=== WHAT THE TASK ASKS ===
Where the word "Black" occurs in a line of the data, return the whole line.

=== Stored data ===
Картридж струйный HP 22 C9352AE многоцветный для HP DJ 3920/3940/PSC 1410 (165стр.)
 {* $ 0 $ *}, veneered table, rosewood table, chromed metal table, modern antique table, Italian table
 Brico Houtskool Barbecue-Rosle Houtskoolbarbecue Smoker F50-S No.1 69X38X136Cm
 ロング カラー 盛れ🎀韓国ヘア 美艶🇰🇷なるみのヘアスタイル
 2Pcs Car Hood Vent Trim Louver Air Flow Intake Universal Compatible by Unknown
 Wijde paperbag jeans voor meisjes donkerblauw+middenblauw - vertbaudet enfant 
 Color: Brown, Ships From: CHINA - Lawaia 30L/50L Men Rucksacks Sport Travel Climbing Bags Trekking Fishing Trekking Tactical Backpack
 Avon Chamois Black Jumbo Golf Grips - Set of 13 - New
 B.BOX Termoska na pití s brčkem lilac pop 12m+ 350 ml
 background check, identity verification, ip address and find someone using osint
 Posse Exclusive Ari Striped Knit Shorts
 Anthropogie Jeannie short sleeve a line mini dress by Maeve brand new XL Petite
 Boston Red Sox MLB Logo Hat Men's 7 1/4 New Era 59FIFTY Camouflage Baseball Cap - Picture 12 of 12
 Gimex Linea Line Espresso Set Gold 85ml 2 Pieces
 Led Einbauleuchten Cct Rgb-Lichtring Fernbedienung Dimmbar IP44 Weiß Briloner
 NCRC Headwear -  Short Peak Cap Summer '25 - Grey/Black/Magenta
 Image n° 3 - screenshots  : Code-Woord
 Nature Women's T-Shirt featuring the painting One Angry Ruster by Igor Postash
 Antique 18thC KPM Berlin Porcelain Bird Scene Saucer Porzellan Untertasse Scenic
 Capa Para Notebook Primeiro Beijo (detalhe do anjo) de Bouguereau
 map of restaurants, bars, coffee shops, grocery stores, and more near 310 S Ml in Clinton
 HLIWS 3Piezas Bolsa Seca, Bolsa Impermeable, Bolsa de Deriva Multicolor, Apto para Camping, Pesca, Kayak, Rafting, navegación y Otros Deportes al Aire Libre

=== ANSWER AREA ===
 Avon Chamois Black Jumbo Golf Grips - Set of 13 - New
 NCRC Headwear -  Short Peak Cap Summer '25 - Grey/Black/Magenta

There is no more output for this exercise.